ルリユールおじさん
いせひでこ・作
理論社
これはパリの街のおはなし
少女のお気に入りは、ぶ厚い植物図鑑。
いろんな植物のことを教えてくれるこの本を、彼女はよほど気に入って折に触れて手に取っていたのだろう。
ある日、図鑑の扉を開いたら、綴じてあったページが外れてバラバラと落ちてしまった。
あ、私の図鑑が…
こわれた本はどこへもっていけばいいの?
新しい植物図鑑はいっぱいあるけれど、この本がいい、この本をなおしたいの
そんなに大事なら、ルリユールのところに行ってごらん
街角で絵画を売っているおじさんが教えてくれた
ルリユールって、本のおいしゃさんみたいな人のこと?
ルリユールはどこにいるのかしら?
彼女がふと目を留めたガラス窓の向こうには、いろんな本や紙が雑多に積まれた作業場があった。
入り口にはRELIEURの文字が。
作業場では、窓の外から中をうかがう少女に気づいた老人、じきに帰るだろうと思っていたが、まだいる、ずっとこちらを見ている。
おはいり
少女はぶ厚い本を抱えて入ってきた。
こんなになるまで、よく読んだねえ。ようし、なんとかしてあげよう。
少女は木が好きだと言った、木の中でもアカシアの木が特に好きなんだと。
本をいったんバラバラにして綴じなおす。
ルリユールということばには、もう一度つなげるという意味もあるんだよ。
表紙はあたらしくしよう。
ヘリは機械で大きさを整えて切る
外れたページは一枚一枚ていねいに糸でかがる
かがったページはのりでかためる
本の背中をハンマーでたたいて丸みをつけるんだ
表の紙と中のページをつけるには、裏表紙の内側にもう一枚紙を貼り、背にはモスリンともう1枚別の紙を貼って乾かす。その後、羊皮や布紙で全体を覆う
乾くまでにもう一日はかかる
その間に表紙の革と紙をえらぼう
作業場に飾ってあるのはおじさんのお父さん?
ルリユールだったのね。
さてひと休みしよう。
本はあしたまでにつくっておくよ。
君の名前をおしえてくれないか?
ルリユールはすべて手の仕事だ。
糸の張りぐあいも、革のやわらかさも、紙の渇きも、材料のよしあしもその手でおぼえろ
そう語った父のなめした革は、ビロードのようだった
本には大事な知識や物語や歴史がいっぱいつまっている。
それらをわすれないように、未来に向かって伝えていくのがルリユールの仕事なんだ。
名を残さなくてもいい。
ぼうず、いい手をもて
父さんの手は魔法の手だね
わたしも魔法の手を持てただろうか
少女とルリユールの紡ぐやさしい時間
「書物」という文化を未来に向けてつなげようとする、最後の手職人の強烈な稔侍と情熱に惹きつけられて、パリにアパートを借り、何度もスケッチに路地裏の工房に通った、という作者。

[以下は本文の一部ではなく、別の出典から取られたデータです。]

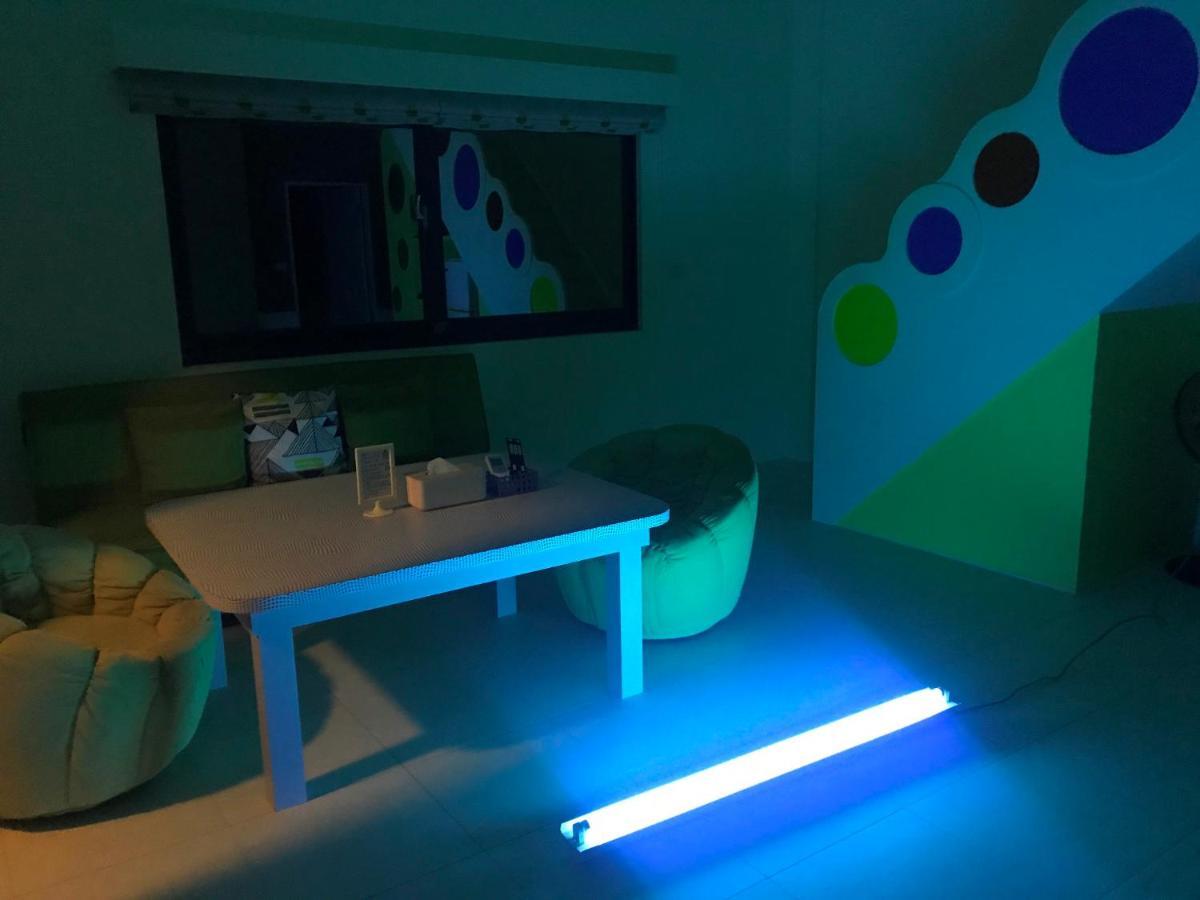 דונגשאן The Tiles Garden Yilan B&B מראה חיצוני תמונה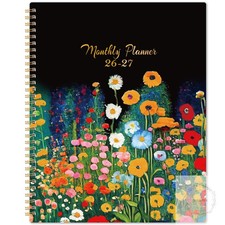 2026-2027 Monthly Planner - 2026-2027 Planner from January 2026 to December 2027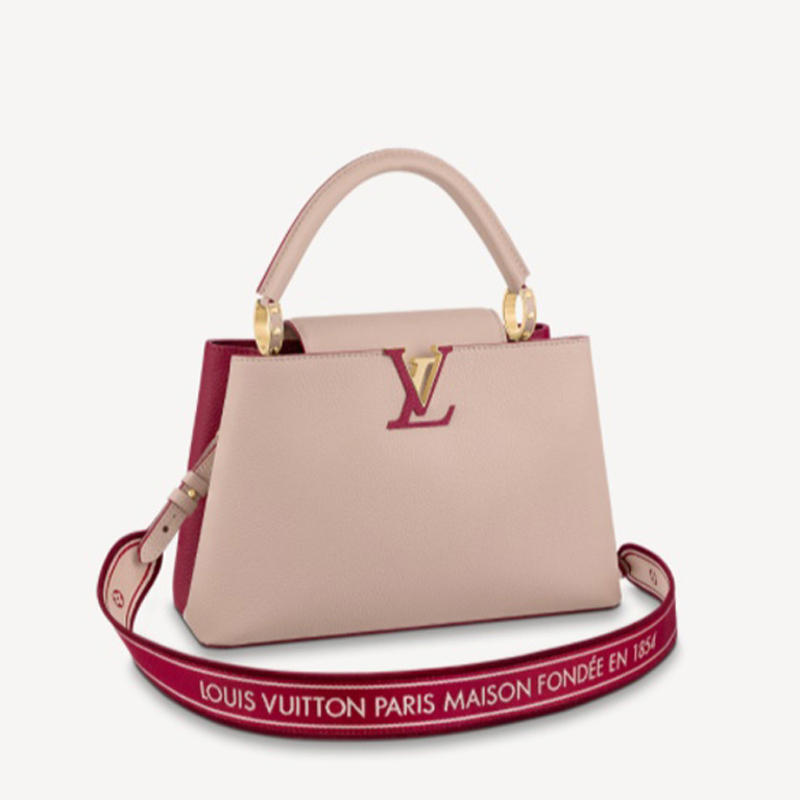Louis Vuitton Vanity PM Monogram Empreinte Leather Tourterelle M45608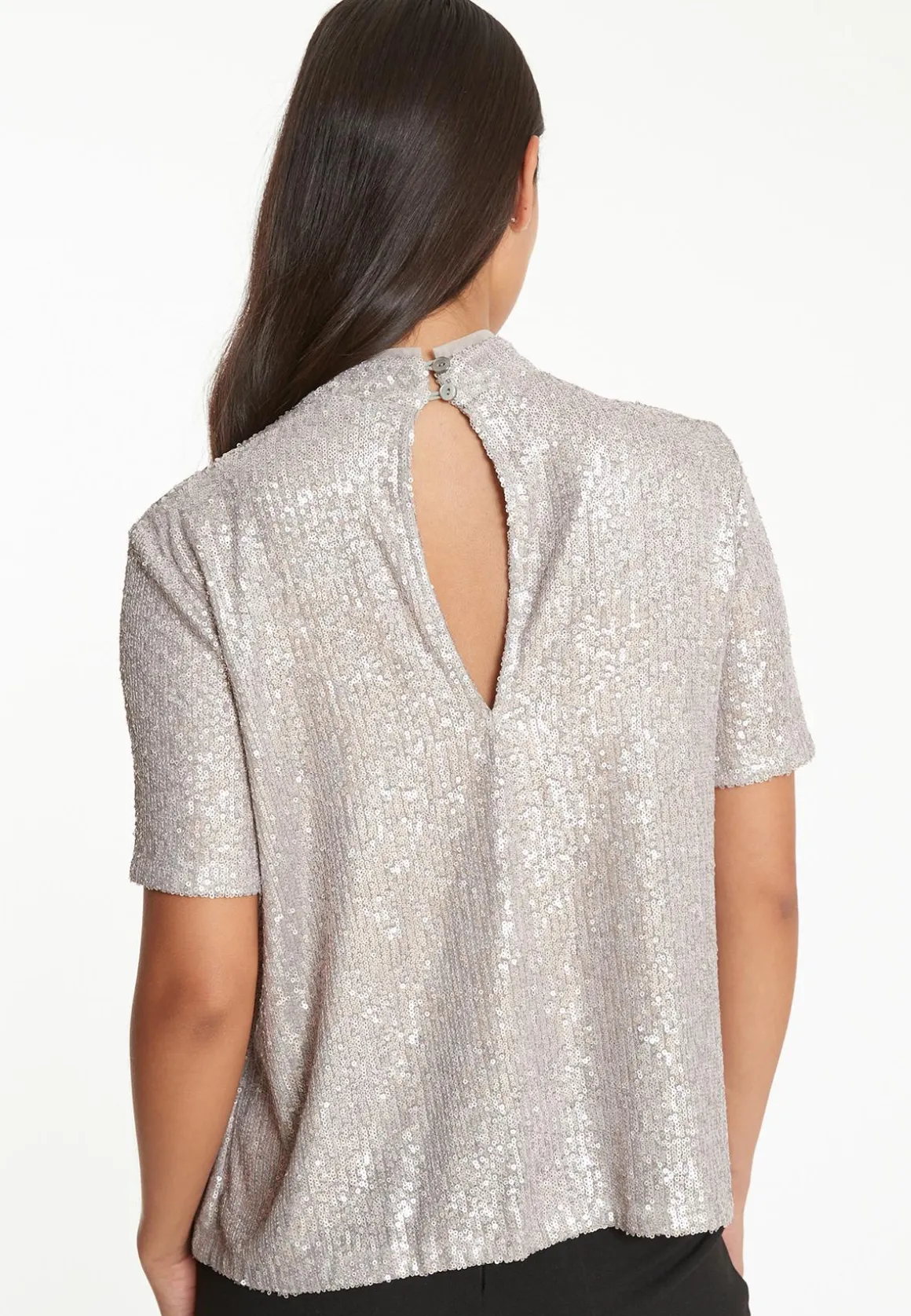 Paillettentop Tafina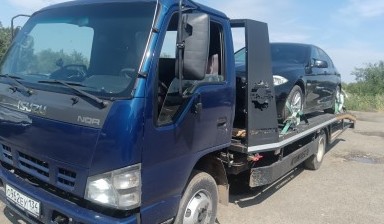 Эвакуаторы до 6 тонн от Даниил: ISUZU NQR75 4 фото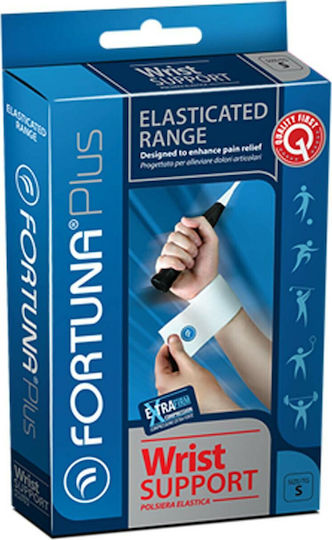 Ortholand Elastisch Handgelenkstütze mit Befestigung in Weiß Farbe FT/902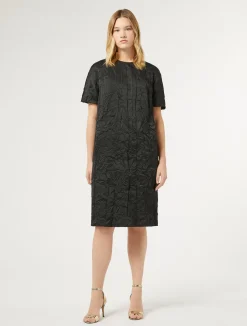 Outlet Marina Rinaldi Duchesse dress BLACK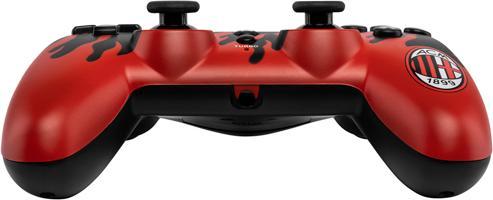 Actual product image Qubick ACP40179 gaming peripheral Black, Red Bluetooth/USB Gamepad Analog/Digital PC, PlaySta (PC, PS4, PS5)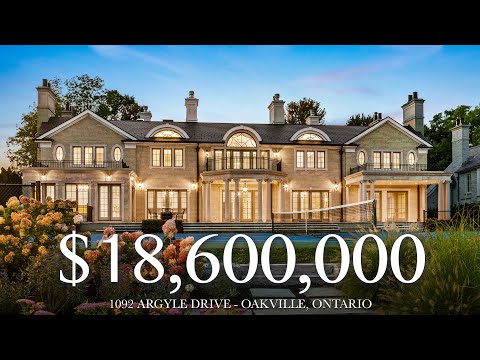 $18,600,000 - Luxury Lakefront Residence on Oakville's Golden Mile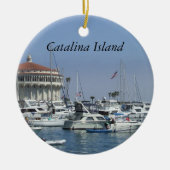 Catalina Island Ornament (Voorkant)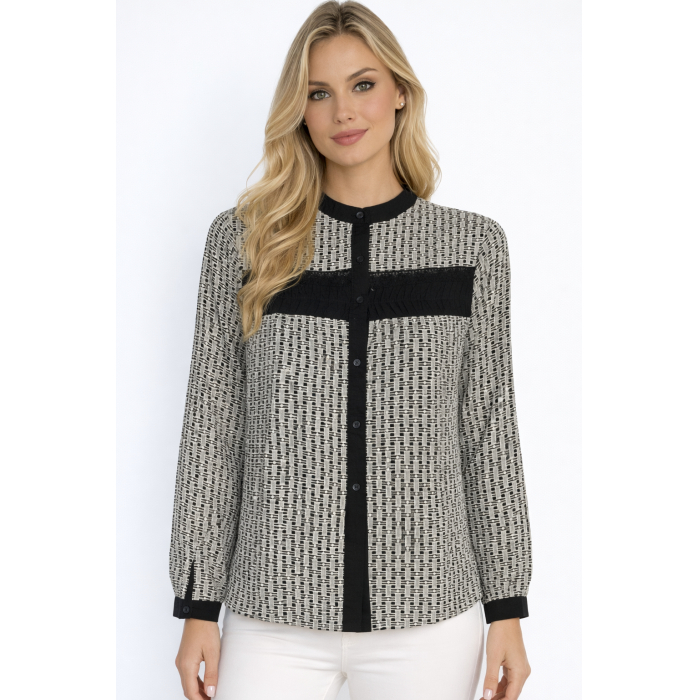 ΠΟΥΚΑΜΙΣΟ ΜΑΚΡΥΜΑΝΙΚΟ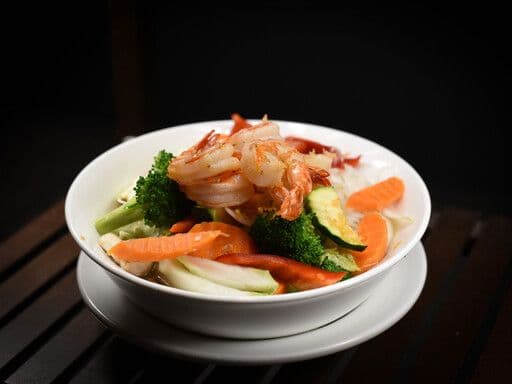 Soupe fruits de mer tonkinoise / Tonkinese Seafood Soup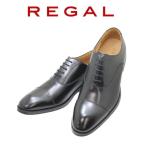 ショッピングREGAL リーガル 靴 メンズ ビジネス NEW REGAL ストレートチップ 811R AL 黒 本革 紳士靴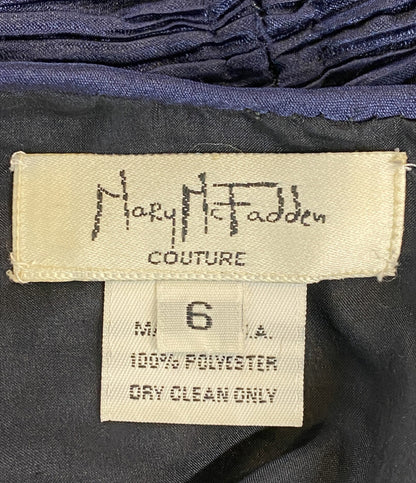 メアリー マクファデン カットソー プリーツ レディース SIZE 6 MaryMcFadden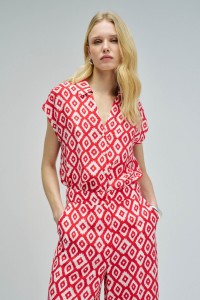 BLUSA COM PADRÃO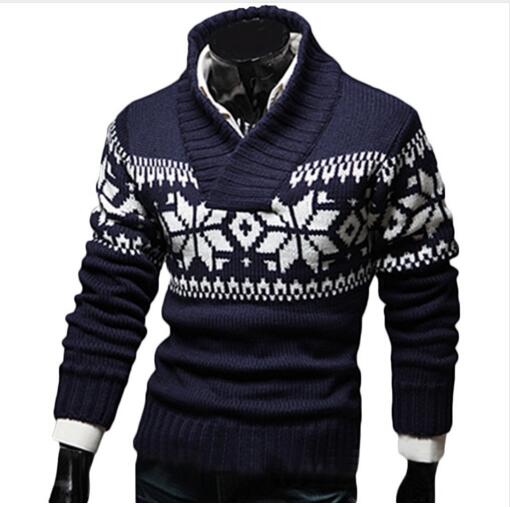 High Collar Sweater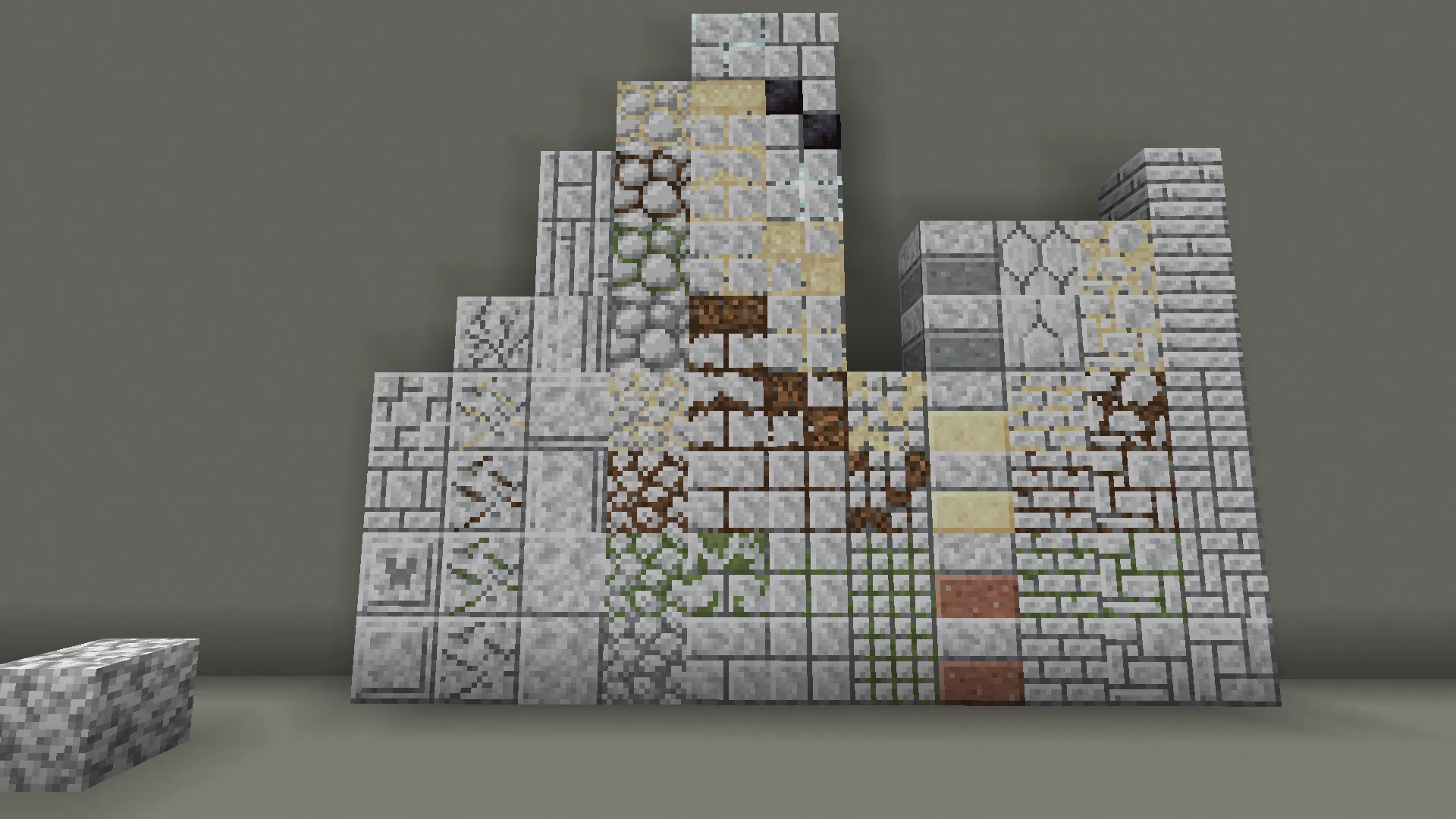 NeverEnoughBlocks CastleEdition — скриншот 9 (Моды, Minecraft)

彼女が描く職人の手は骨ばっていて木のこぶみたいにごつごつしている。しかし、その指先はくたびれた本を再びよみがえらせていく。ルリユールの手によって生き返った本は、持ち主にとって以前よりもっと大切な宝物になる。
この作業を実際に見たい
と思った。きっと何時間でも見ていられる。
自信はある。
という造形物を愛するすべてのひとが、この少女に自分を重ねてみるに違いない。
本物のルリユールと過ごす時間はもてなくても、この本の中にそれはある。
少女とルリユールの紡ぐ時間は読む人の心にやさしい灯をともしてくれる。
ルリユールとは、印刷技術が発明され、本の出版が容易になってから発展した実用的な職業。日本にはこの文化はない。むしろ、近代日本では、「特別な一冊だけのために装幀する手工芸的芸術」としてアートのジャンルに見られている。出版業と製本業の兼業が、長い間法的に禁止さてれていたフランスだからこそ成長した製本、装幀の手仕事だが、IT化、機械化の時代に入り、パリでも製本の60工程すべてを手仕事でできる製本職人はひとけたになった。(あとがきより引用)
いせひでこ(伊勢英子)
裏表紙より引用
1949年に生まれ13歳まで北海道で育つ。東京芸術大学卒業。ション『むぎわらぼうし』で絵本にっぽん賞、創作童話『マキちゃんのえにっき』で野間児童文芸新人賞受賞など他多数。『雲のてんらんかい』、『1000の風、1000のチェロ』『はくちょう』『絵描き』などの絵本製作と並行して絵本原画展、アクリル画の個展を各地で開催。